■ Data excerpts

■ ■ ■

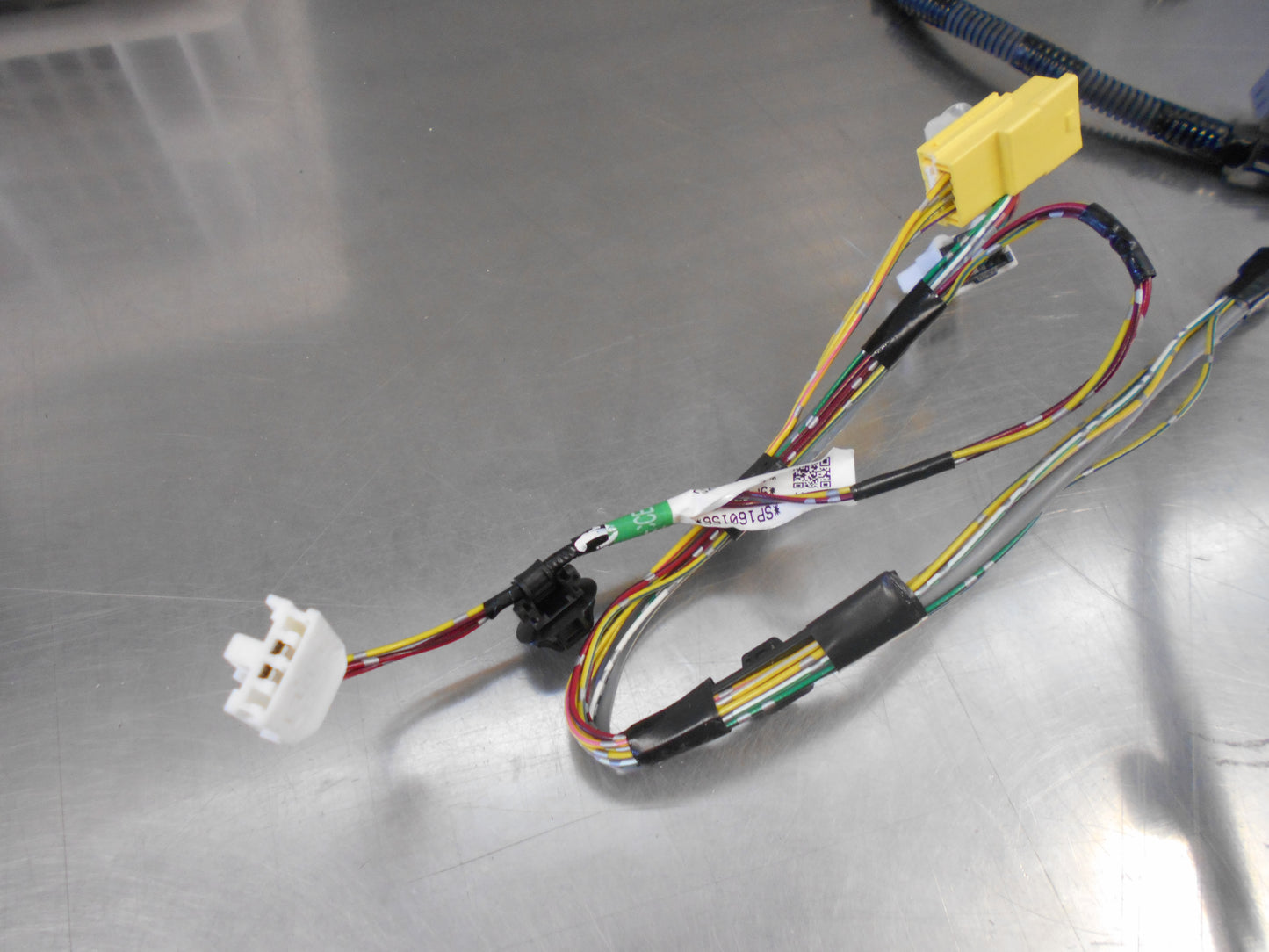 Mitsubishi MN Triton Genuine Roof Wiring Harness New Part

■ ■ ■

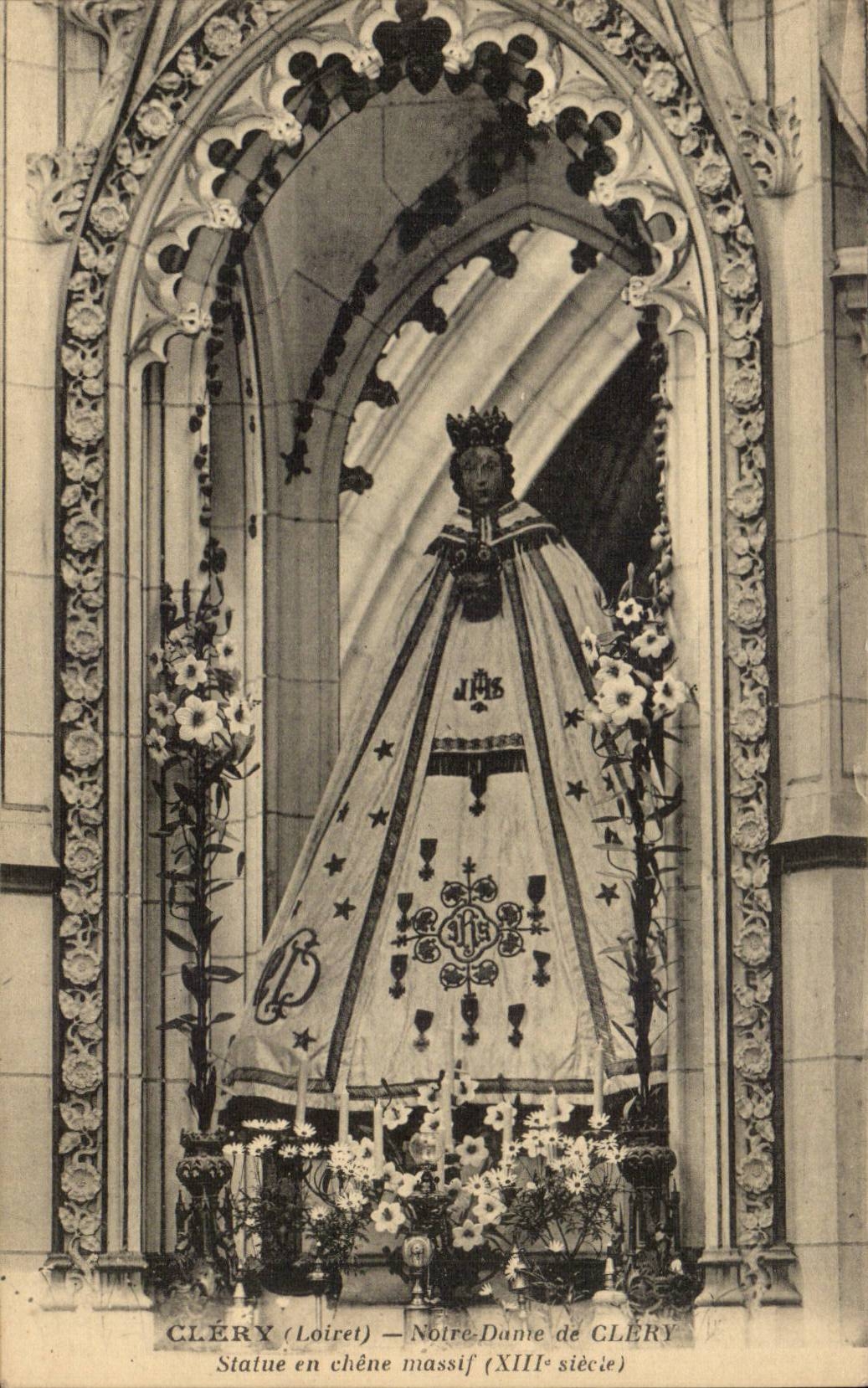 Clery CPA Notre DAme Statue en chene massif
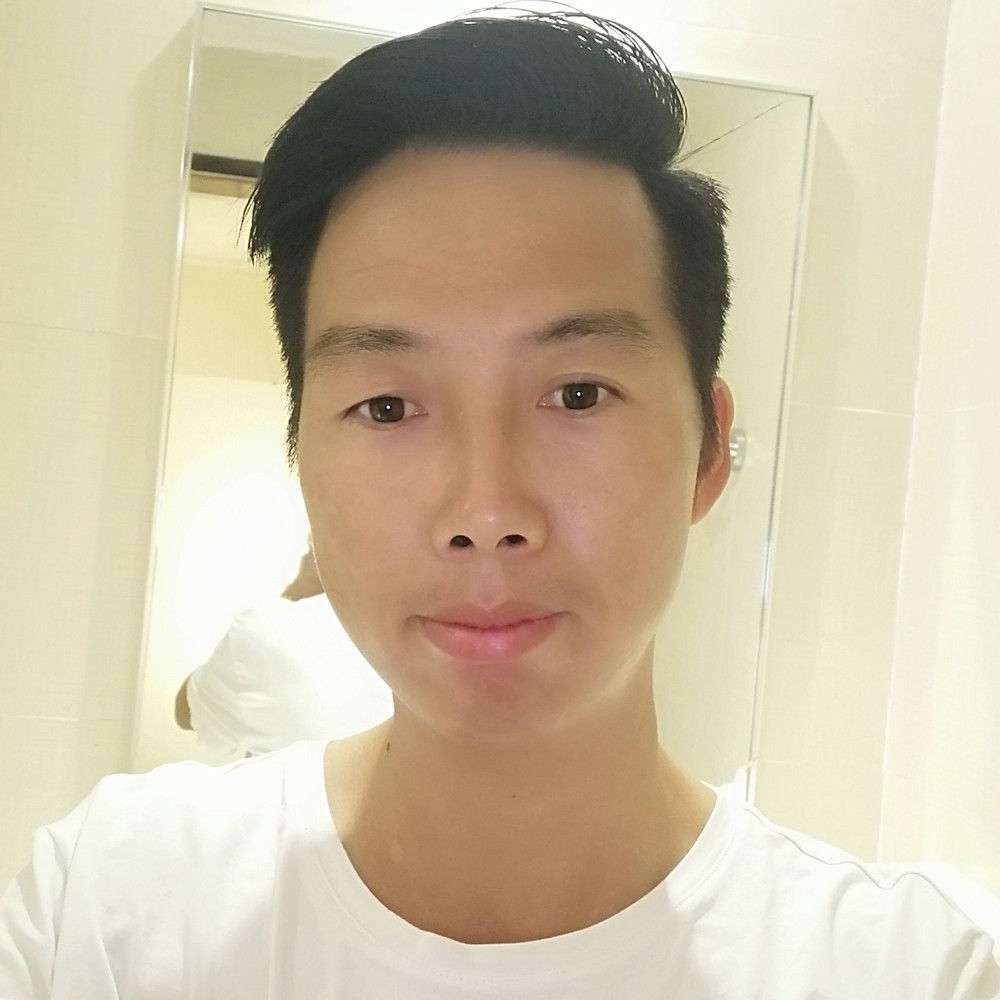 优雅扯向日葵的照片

■ ■ ■

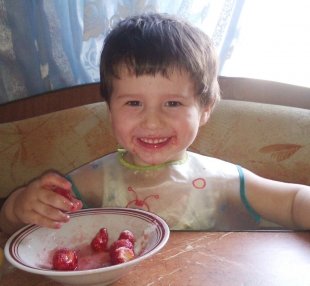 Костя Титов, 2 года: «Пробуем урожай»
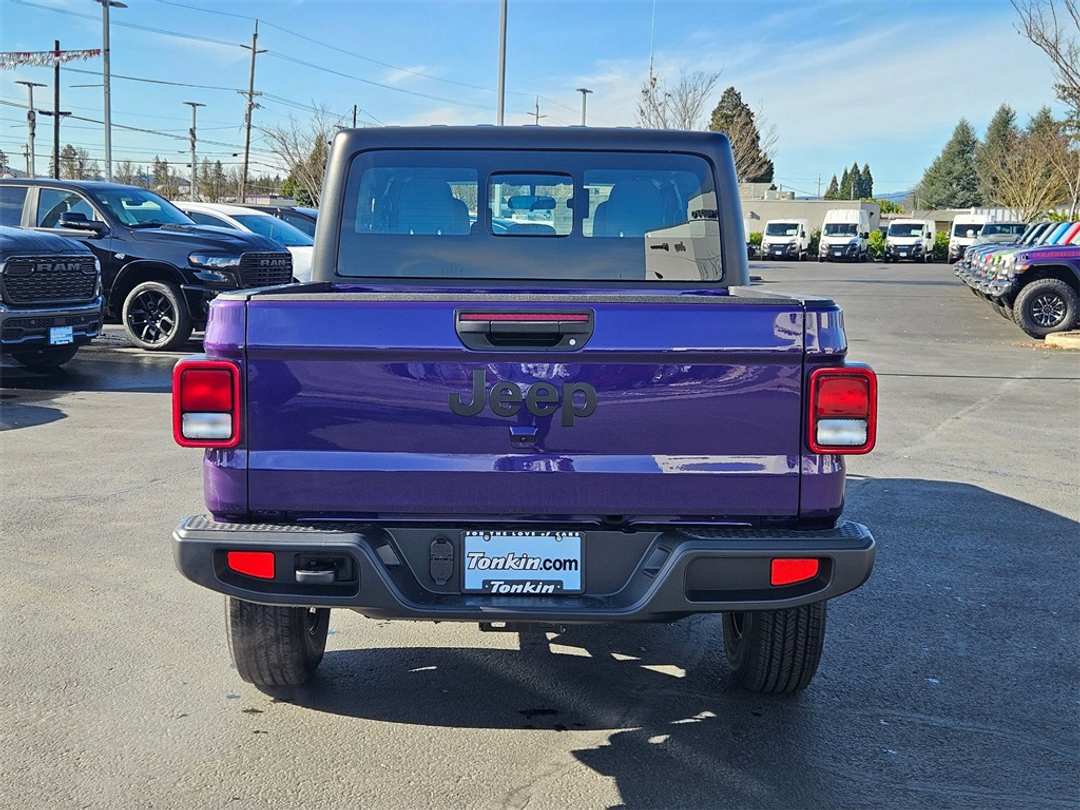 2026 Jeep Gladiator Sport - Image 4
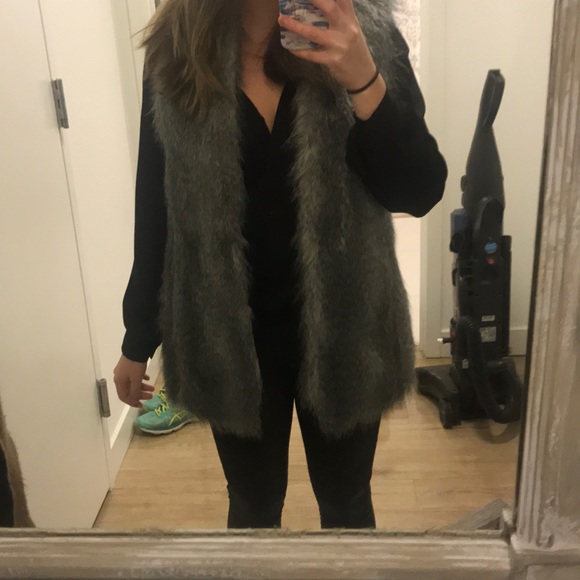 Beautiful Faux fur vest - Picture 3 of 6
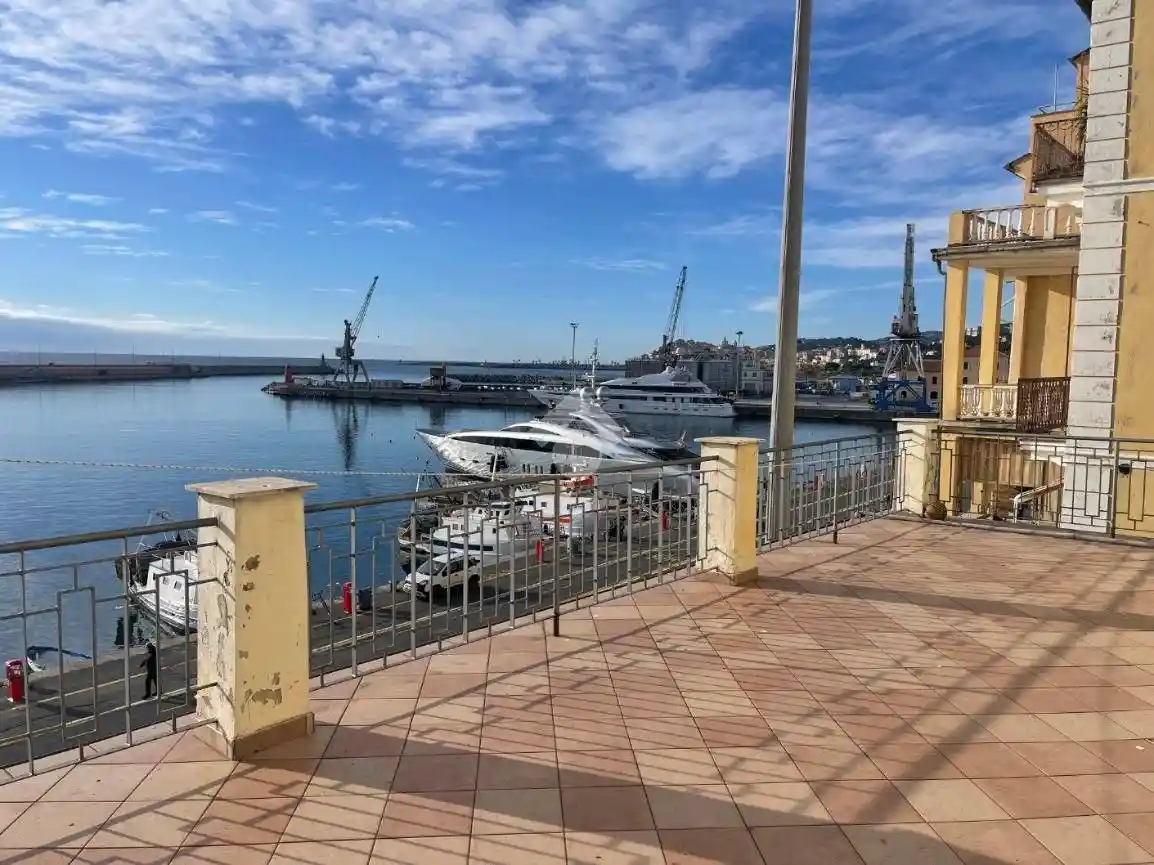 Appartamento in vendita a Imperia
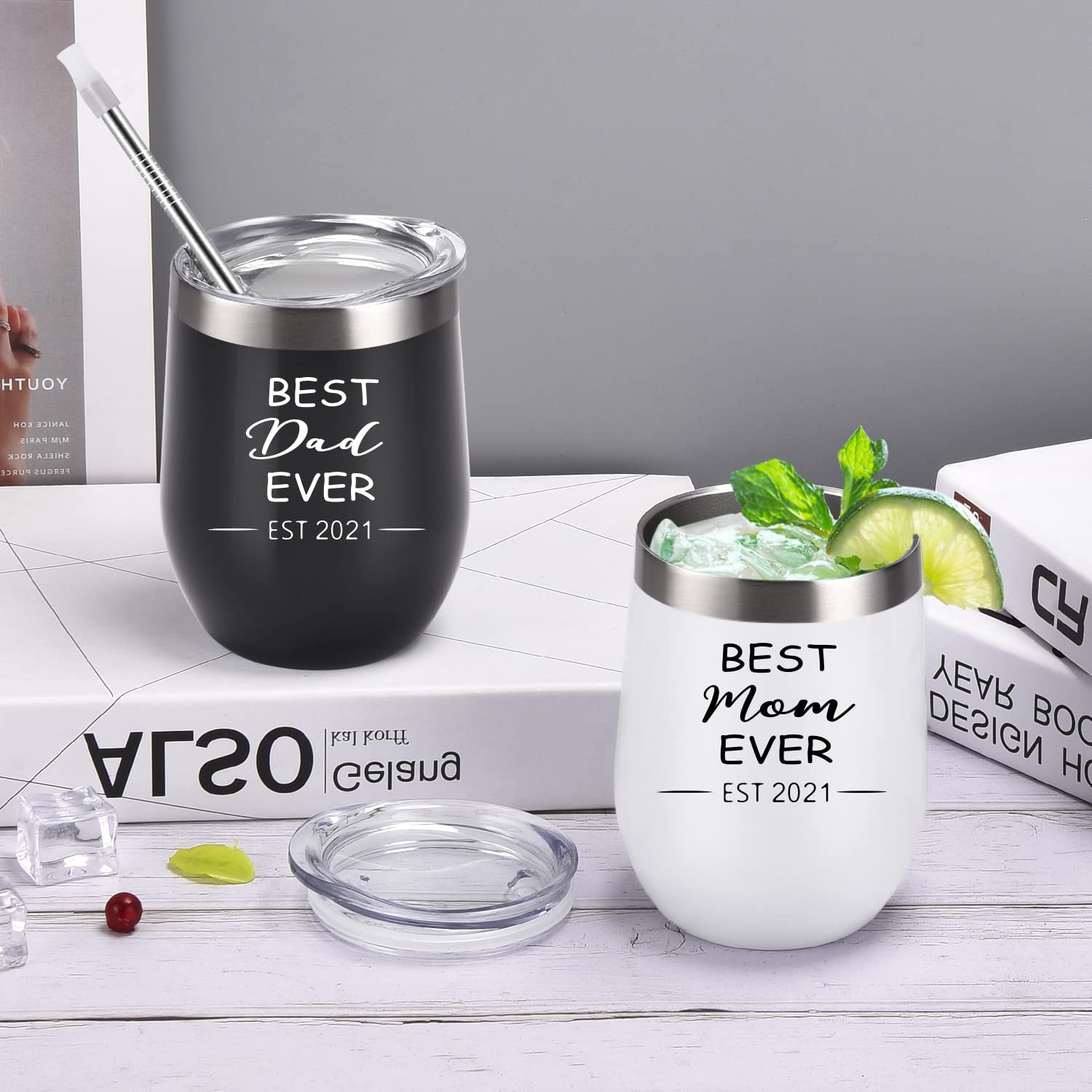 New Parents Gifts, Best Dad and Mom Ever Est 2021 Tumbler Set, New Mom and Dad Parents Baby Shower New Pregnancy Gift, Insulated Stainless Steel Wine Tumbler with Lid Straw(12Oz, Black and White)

■ ■ ■

■ Activity
Using the data above, output the line that has "2026 Jeep Gladiator Sport - Image 4", the line that has "New Parents Gifts, Best", and whatever lines fall between, each exactly as it stands and without pictures.

■ The answer
 2026 Jeep Gladiator Sport - Image 4
 Beautiful Faux fur vest - Picture 3 of 6
 Appartamento in vendita a Imperia
 New Parents Gifts, Best Dad and Mom Ever Est 2021 Tumbler Set, New Mom and Dad Parents Baby Shower New Pregnancy Gift, Insulated Stainless Steel Wine Tumbler with Lid Straw(12Oz, Black and White)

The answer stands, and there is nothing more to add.